Enable VP9 in Microsoft Edge for better HTML5 streaming support
Microsoft continues its work on the Edge browser that it shipped with Windows 10 in the latest Insider build 10547 released to the Fast Ring a while ago.
One new feature that is found in the version of Microsoft Edge that shipped with that new Windows 10 Build is support for VP9.
Support for the VP9 is not enabled by default but can be enabled by users of the browser. This is done in the following way:
- Load about:flags in Microsoft's Edge address bar and hit enter.
- Scroll down on the page that opens until you find the Media Source Extensions group and there the Enable VP9 preference.
- Check the box and restart Microsoft Edge afterwards.
One of the easier ways to check that everything went smoothly is to open YouTube's HTML5 Video Player page.
The MSE & WebM VP9 entry on that page should show as supported. Note that WebM VP8 is not supported by Microsoft Edge and will show as unsupported because of this.
Enabling VP9 in Microsoft Edge improves streaming support of the browser. While most streaming services support both VP9 and H.264, support for both formats may be beneficial in a number of ways.
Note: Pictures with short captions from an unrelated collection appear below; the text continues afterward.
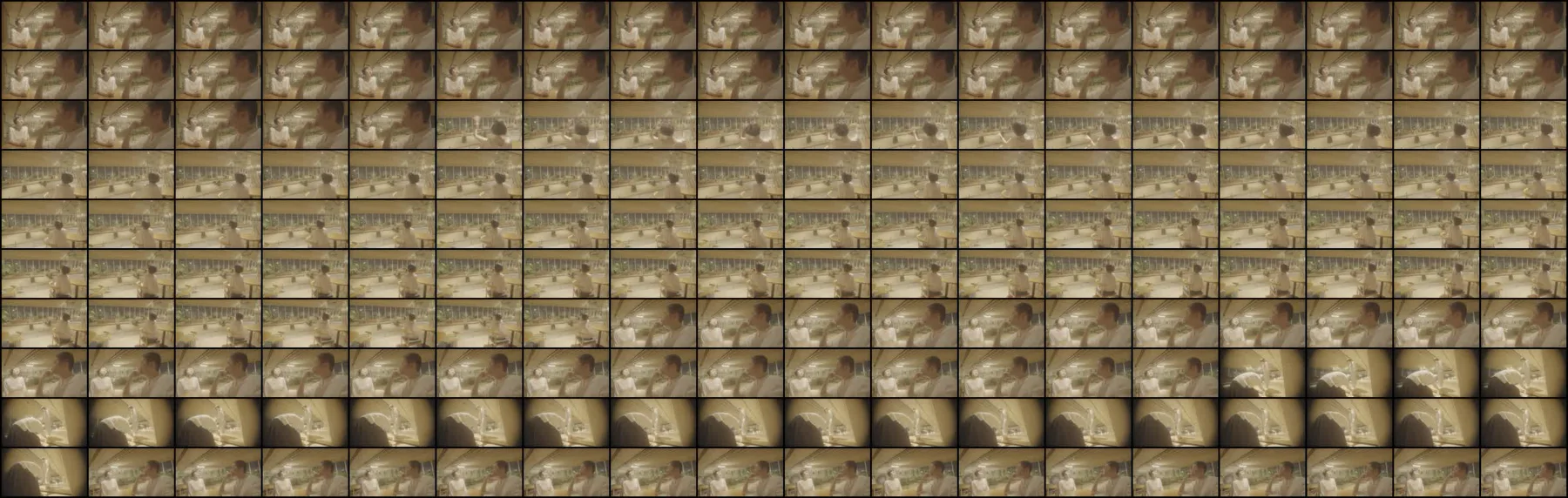 contact-6545-6600-12fps.jpg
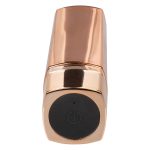Hide and Play Rechargeable Lipstick - Nude - Image 4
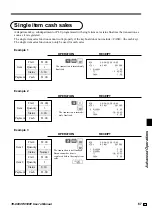 Preview for 67 page of Casio TE-8000F Series User Manual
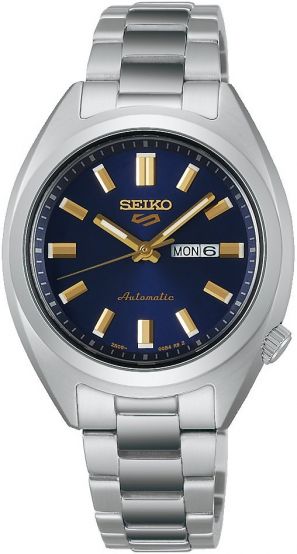 Dámske hodinky SEIKO SRE021K1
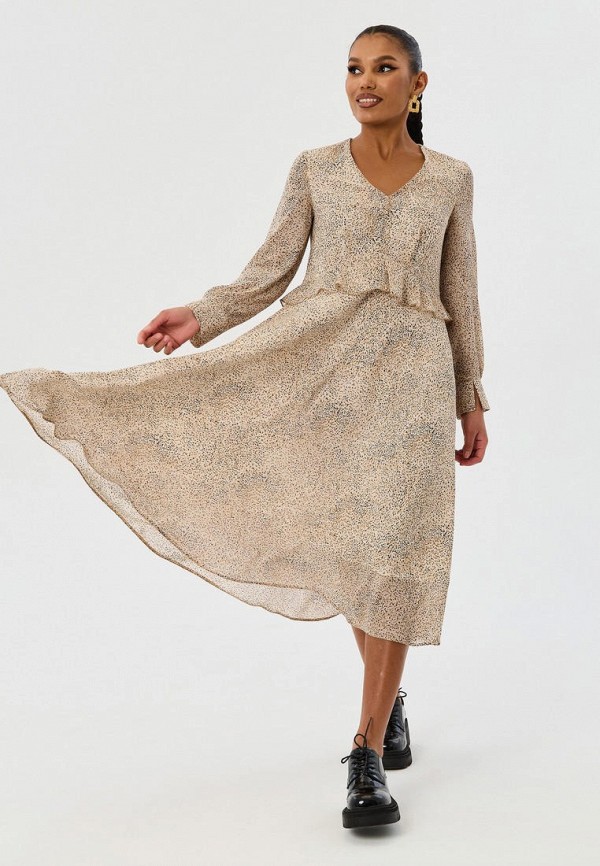 Платье LMP 12500₽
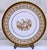 Celebrate America’s Bicentennial era with this striking 1973 U.S. Bicentennial Society “The Double Eagle” limited-edition...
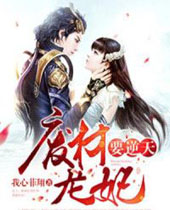 �ϲ�����Ҫ����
When compared to H.264, VP9 saves a lot of bandwidth which comes at the cost of processing power. This means that generally speaking, it is beneficial to users who work on old hardware to use H.264 instead of VP9 as it may improve overall performance, while VP9 is usually the better choice on modern systems.
This does not take H.265 into account which offers similar benefits but is not (yet) supported by most streaming sites on the Internet.
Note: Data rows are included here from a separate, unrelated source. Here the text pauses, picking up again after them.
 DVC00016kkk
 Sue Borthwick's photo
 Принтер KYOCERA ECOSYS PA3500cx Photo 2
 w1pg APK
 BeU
It is unclear why Microsoft has not enabled VP9 supported directly in Microsoft Edge but the most likely explanation is that the feature may not be fully ready for prime time yet.
Windows 10 Insiders who enable the feature are encouraged to report their experience to Microsoft using the Feedback app that is integrated in the operating system.
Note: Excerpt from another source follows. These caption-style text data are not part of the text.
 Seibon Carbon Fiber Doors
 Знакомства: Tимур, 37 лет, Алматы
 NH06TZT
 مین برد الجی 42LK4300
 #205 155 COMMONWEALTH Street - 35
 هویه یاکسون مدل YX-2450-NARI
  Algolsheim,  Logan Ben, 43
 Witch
You may remove support for VP9 at any time by removing the checkmark next to Enable VP9 on the browser's about:flags page and restarting it afterwards.
The feature is currently only available on the Insider channel. Microsoft has not commented on availability in stable builds of the web browser.
“…beneficial to users who work on old hardware to use H.264 instead of VP9 as it may improve overall performance”
Try as I might, I couldn’t get any base specs for how fast a computer is necessary to play VP9. I even tried to dig up whether or not a Raspberry Pi device could play them as a sort of baseline but no dice. I’d be interested to see what base-level hardware is necessary for all the new codecs coming up.